Throughout his political life, the movement’s relations and solidarity
with Revolutionary Cuba grew. This solidarity has endured since the time of the
legendary Cuban José Martí and Puerto Rican Ramón Emeterio
Betances, both fighters against Spanish domination and for the liberation of
the Antilles. Both struggles have since then been intimately connected, both
country’s flags identical but with the colors reversed.
Revolutionary Cuba is still waiting, patiently and caring like a big sister,
for the freedom of Puerto Rico. In Cuba, Puerto Rico has its office. It was
opened in collaboration with Mari Bras’ organization, sometimes referred
to as the Embassy of the People of Puerto Rico. During one of Mari Bras’
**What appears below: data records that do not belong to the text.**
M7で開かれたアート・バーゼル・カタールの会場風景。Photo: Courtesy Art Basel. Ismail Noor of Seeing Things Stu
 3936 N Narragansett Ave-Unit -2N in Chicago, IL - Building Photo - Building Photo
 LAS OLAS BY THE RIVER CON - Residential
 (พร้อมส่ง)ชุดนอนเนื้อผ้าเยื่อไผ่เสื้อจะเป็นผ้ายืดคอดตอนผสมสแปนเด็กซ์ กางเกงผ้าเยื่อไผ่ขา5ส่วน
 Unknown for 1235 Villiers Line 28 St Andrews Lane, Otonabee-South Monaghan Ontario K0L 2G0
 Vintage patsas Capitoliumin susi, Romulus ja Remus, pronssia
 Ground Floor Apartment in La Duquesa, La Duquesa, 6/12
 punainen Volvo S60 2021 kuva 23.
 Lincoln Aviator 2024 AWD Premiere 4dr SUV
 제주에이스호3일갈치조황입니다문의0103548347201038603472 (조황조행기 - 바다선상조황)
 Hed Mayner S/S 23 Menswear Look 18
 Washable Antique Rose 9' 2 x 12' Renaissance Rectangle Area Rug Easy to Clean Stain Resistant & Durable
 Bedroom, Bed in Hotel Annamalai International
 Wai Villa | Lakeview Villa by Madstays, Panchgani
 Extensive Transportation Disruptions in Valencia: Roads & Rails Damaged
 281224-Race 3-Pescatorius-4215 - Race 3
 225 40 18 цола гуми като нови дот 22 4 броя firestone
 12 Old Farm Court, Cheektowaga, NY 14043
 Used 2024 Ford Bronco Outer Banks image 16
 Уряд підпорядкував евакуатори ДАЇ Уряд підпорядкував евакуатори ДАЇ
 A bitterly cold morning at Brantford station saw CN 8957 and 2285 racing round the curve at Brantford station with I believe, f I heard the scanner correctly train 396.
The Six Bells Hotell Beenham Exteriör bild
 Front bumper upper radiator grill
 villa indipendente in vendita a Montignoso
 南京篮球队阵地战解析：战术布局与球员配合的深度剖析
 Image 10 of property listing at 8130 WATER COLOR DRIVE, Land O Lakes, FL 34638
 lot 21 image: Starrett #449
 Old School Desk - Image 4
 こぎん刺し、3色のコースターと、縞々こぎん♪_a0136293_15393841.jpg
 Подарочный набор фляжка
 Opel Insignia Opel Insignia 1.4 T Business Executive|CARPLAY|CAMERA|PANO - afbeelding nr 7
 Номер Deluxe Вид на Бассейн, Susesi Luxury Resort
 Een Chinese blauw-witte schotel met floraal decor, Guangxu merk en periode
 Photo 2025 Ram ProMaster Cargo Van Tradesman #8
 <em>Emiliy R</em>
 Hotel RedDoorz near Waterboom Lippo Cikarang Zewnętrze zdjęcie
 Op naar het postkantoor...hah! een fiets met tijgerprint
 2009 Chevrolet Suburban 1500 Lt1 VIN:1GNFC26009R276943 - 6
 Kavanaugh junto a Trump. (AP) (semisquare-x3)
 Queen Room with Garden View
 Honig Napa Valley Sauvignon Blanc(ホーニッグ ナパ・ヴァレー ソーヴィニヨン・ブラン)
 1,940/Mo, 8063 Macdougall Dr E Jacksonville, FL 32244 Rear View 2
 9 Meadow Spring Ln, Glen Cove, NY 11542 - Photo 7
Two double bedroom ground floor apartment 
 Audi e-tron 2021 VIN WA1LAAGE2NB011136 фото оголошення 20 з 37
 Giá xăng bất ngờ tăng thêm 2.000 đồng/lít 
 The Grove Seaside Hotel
trips to Cuba, Commander in Chief Fidel Castro received him with all the honors
reserved for heads of state, with the Puerto Rican flag raised and the sound of
the Lares anthem.
This strong relationship has helped the independentistas to raise the Puerto
Rican colonial case in the United Nations through the Movement of Non Aligned
Countries, sponsored by beloved Cuba.
But Mari Bras’ life has not been exempt from suffering. The U.S. federal
government, its FBI political police and their stooges have been a constant
threat as they have been to all Puerto Ricans who are committed to independence
and socialism. In 1976, the year Mari Bras was a candidate for governor of the
island, his eldest son, Santiago “Chagui” Mari Pesquera, was
assassinated.
Although this killing clearly had political motives, to this date the crime
remains unpunished. Recent investigations have shown that the FBI knew of the
plans and threats from Cuban exiles against Mari Bras and his family but never
alerted him. Mari Mari Narváez, Mari Bras’ daughter, said of the
crime, “When ‘Chagui’ was killed, he [Mari Bras] declaimed on
his tomb, ‘There is no place for revenge in the hearts of real
revolutionaries’”.
¡Juan Mari Bras, PRESENTE! ¡Viva Puerto Rico Libre y Socialista!